Well done! Good for you!

I could write a book, but better people than I have already done so.

Single handed cruising and sailing’ by Frank Millville is one.

FB Cooke’s books were republished in an omnibus édition by Dick Wynne’s Lodestar Books in 2011

Then there is ‘Sailing just for fun’ by Charles Stock.

There are many well known books which touch on single handing - one of the best as well as one of the first is RT McMullen’s ‘Down Channel’.

Single handing can be safer because you don’t get distracted.

Be sure that you can pick up your own mooring, that you can anchor and recover your anchor, and always have a plan in your head for how to get out of a tight spot before venturing into one.
 
Always have a plan B. Further backups are worthwhile but, hopefully, never needed. It's better to have a plan you don't need than the need for a plan you don't have.
 
Keep doing new stuff until you've run out of new stuff to do then do the stuff you've already done only better.
Always ask yourself "What if.........?"

Enjoy.

I've done about 2000nm solo this year. Along with about 1000nm crewed. I prefer the former but that's just me.
 
Do the Short Range course, get the licence, install a good quality DSC fixed set, with an antenna right on top of the mast, and get a licence for the radio as well.
 
Re plan B. Given the choice of two plans, one of which might not work but you can extract yourself from, and one that will probably work but failure will lead to trouble, always, always choose the former.
 
+1, good book worth a read.
You have not said what boat. Does have a bearing on the answer. Personally i would learn how to sail with a crew first. I did, but now sail 95% single handed. SH sailimg is easy, but one really does need to have a solid background & the experience, so one knows how to handle problems as & when they happen- And they will. But they only become problems if one does not know what to do, or have some idea as to how to find a solution. SH sailing is all about being prepared whether it be entering a marina, or lock, or just sailing in various conditions at sea. The boat needs to be set up right with ropes & sheets in the correct place & stuff needs to work properly. One does need the experience to develop this . Then it is great fun & quite easy.
 
If not already a sailor with reasonable multi handed skills, do the RYA courses up to at least Coastal Skipper, including the Diesel Engine course, and let it be known that you will be mostly single handed sailing. You will learn a good way to do a lot of things, in a very short space of time. Knowing your plans, the instructor/s will help with single handed advice.
 
Duncan Wells' book "Stress-free Sailing" has practical advice that will help with the most difficult part of single-handed sailing: manouvering in marinas.
 
Remember it's supposed to be FUN, not an endurance test !

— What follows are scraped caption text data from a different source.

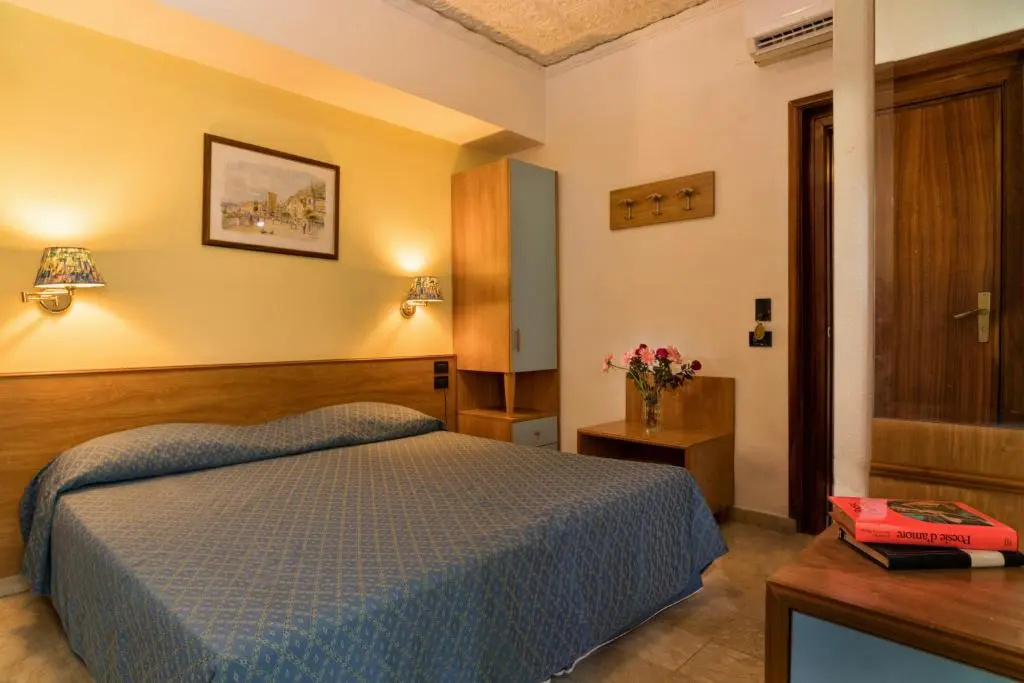 Budget Double room (full double bed)
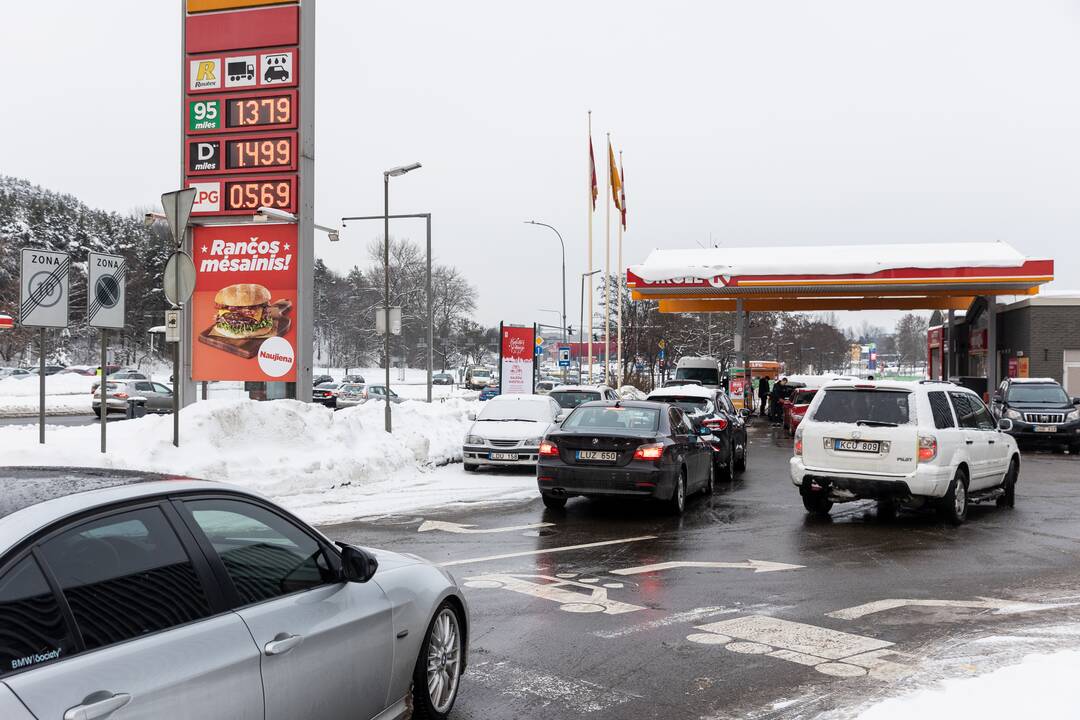 Prie degalinių Vilniuje – automobilių eilės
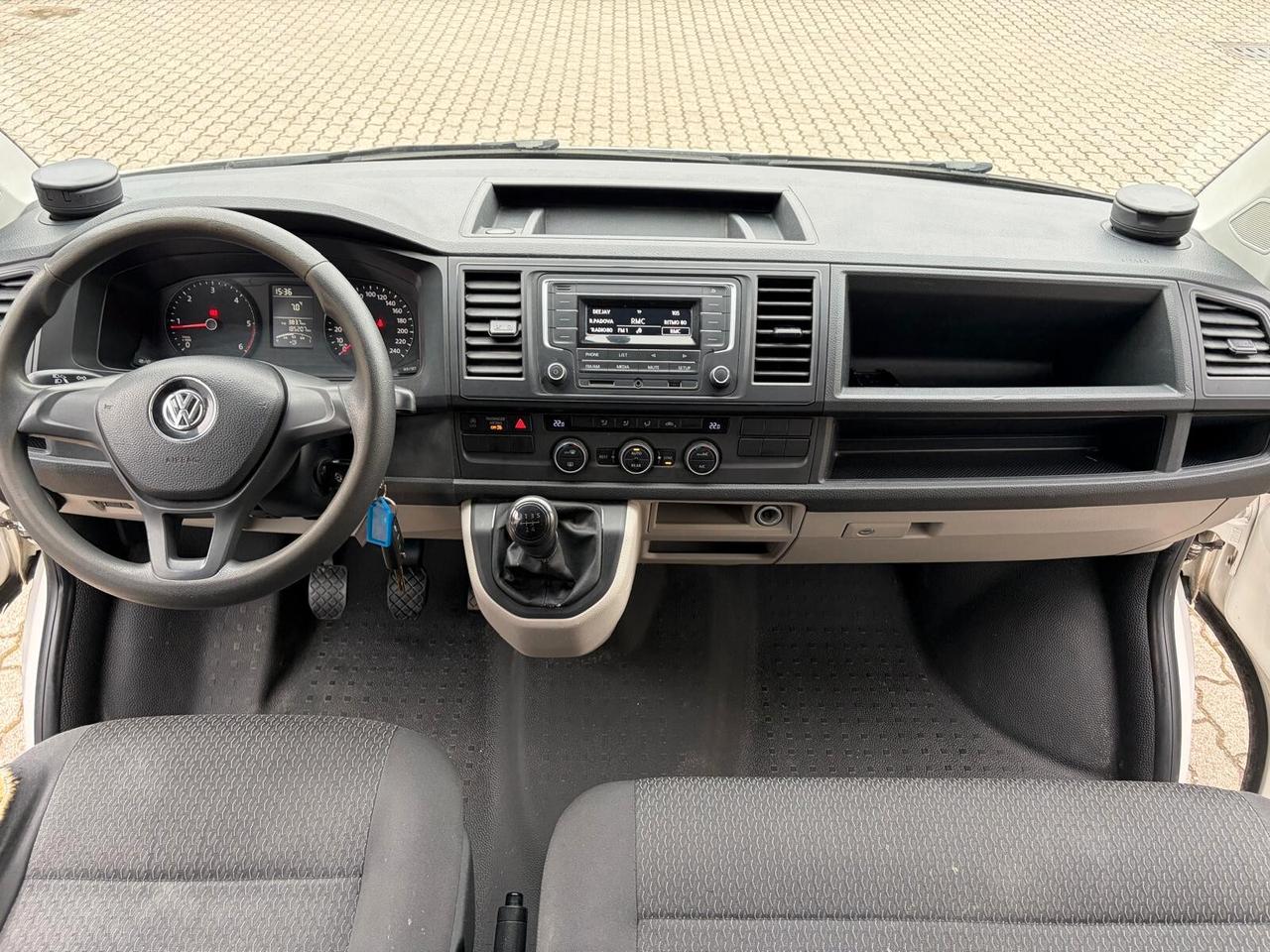 Volkswagen T6 Caravelle 2.0 TDI 102 cv 9 posti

An autopilot is worth its weight in gold - as long as you have the battery charging ability - a battery condition meter is invaluable too for this reason.

A free tip - tie the jibsheet ends together, so you can always reach to sheet in from the windward side.
 
Do the Short Range course, get the licence, install a good quality DSC fixed set, with an antenna right on top of the mast, and get a licence for the radio as well.

That sounds like excellent advice, which I was keen to take this year, but I am not encouraged by my experience so far.

I acquired an ICOM radio which has never been programmed with a Maritime Mobile Service Identity (MMSI) number. I requested instruction on setting it up from Ofcom, who finally replied more than three months later, not with an answer on anything I had asked, just saying there was a problem with my account password. I renewed the password and, to save several more months, I supplied details of the vessel it would be located on, and asked that in reply, they explain the steps for getting an MMSI number. That was in October; no reply yet.

I believe that while DSC radio is a great concept, there is minimal advice and administration to facilitate its use, and the new sailor may be more confused than reassured by its functions. Without exception, every single yachtsman I have spoken to was in the dark on how to proceed, and doubted that it matters...the universal advice was to get out there and use the radio, and not to worry about MMSI identity or GPS-linked cleverness which distracts from the basic functions that older sets (and older sailors) happily relied upon.

I took the one-day short-range course in June. I was mostly baffled; I even decided by lunchtime that I would never be able to take a boat with a radio to sea, because I would never pass the course. Frankly, the fact that I did pass, didn't reflect my total incompetence and absence of confidence. I will read the guide that came with the certificate, and hope to make more sense of it by the time I need it, but using DSC wouldn't be my first recommended priority for the OP.